Bir de bu insanlar için çok zeki derler ya... Birde,dombra müziğini boşalan yağ tenekesi ile ramazan davulu gibi kulakları tırmalayıcı sesler çıkartmıyorlar mı?
Düzenin zengin ve zeki çocukları milletvekili olurlar. Yakalarına mebus rozeti takarlar. Kendilerini yeryüzü tanrılarından biri olduklarını sanırlar. Gümrüklü sahalarda, akaryakıt satış istasyonları açarlar, iş adamı olurlar. Her şey çıkarlar içindir. Vergiden düşmek için her türlü numarayı yaparlar.
Allah yürü ya kulum deyince, kulları yürütürmüş..
Çaplarına bakmadan ahkam keserler. Çarpık, suçlayıcı ve bölücü bir dil kullanan muhafazakarlar, düzeni bütün nimetlerinden yararlanırlar.

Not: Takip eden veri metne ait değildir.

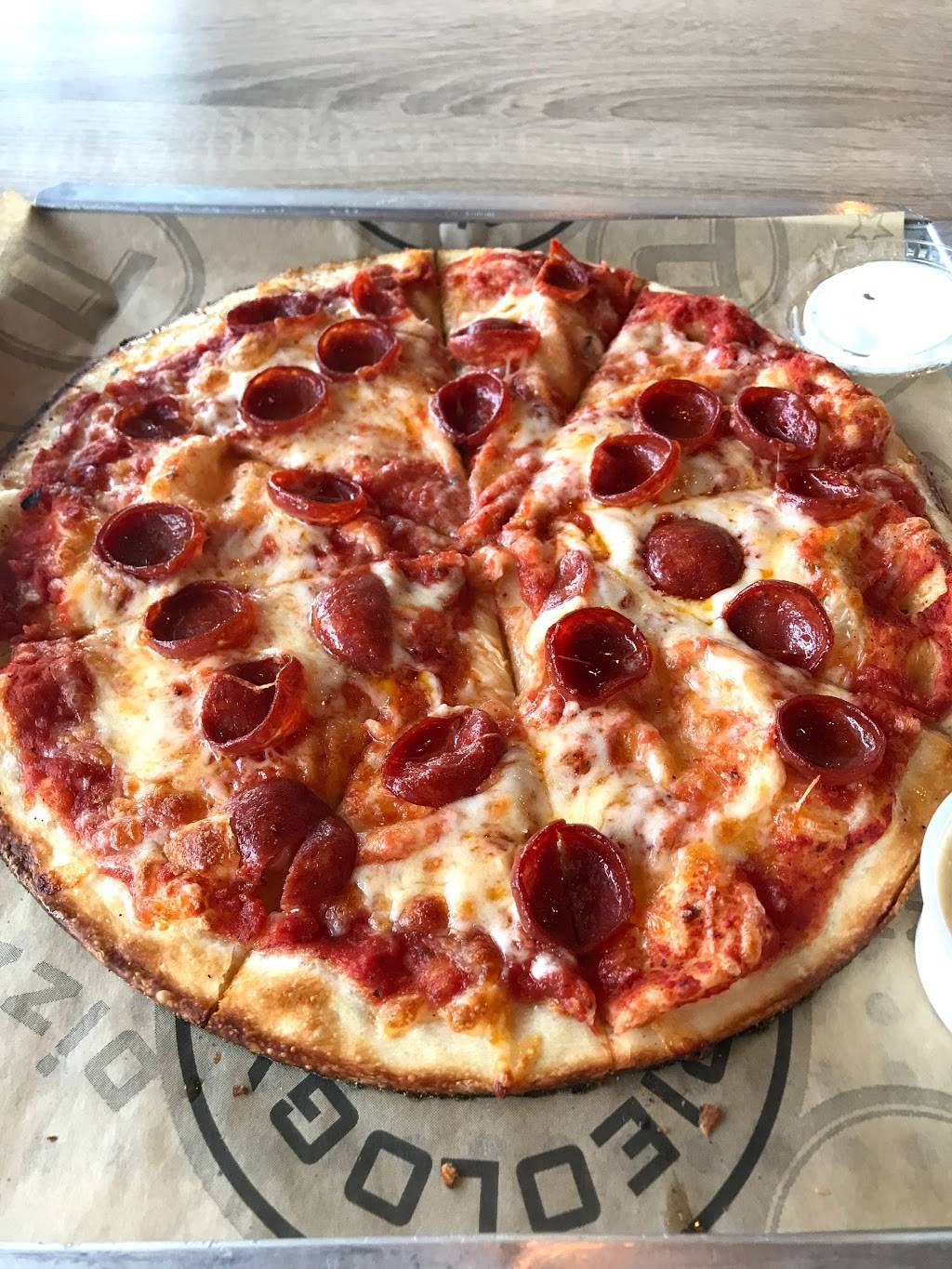 Pieology Pizzeria Phoenix | restaurant | 903 E Bell Rd, Phoenix, AZ 85022, USA | 6029780000 OR +1 602-978-0000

Diğerlerine şükür duasını tavsiye ederler.
Yobazlıklarını saklamak içinde diniman,vatan,millet kavramlarının hamasiliğini yaparlar..
Demokrasi adına sizden oy isterler. Sizde tıpış, tıpış gidip oy veririsiniz.Sonrada neden bu bozuk düzen dersiniz!
Bu soruyu sormak bile sizin ne kadar acizlik içinde olduğunuzun bir göstergesi değil midir?
Sakın kızmayın. Ancak kendisi iradenizle size dayatılan adaylara karşı başkaldırırsanız kendi öz benliğinize dönersiniz.

NUMAN KURTULMUŞ bir zamanlar AK Parti için 'HARUN' gibi geldiler. Karun gibi zengin oldular diyordu.
Kadere bak!Kendisini hidayete ererek AK Partiye geçiverdi.
Politikanın fotoğraf bu.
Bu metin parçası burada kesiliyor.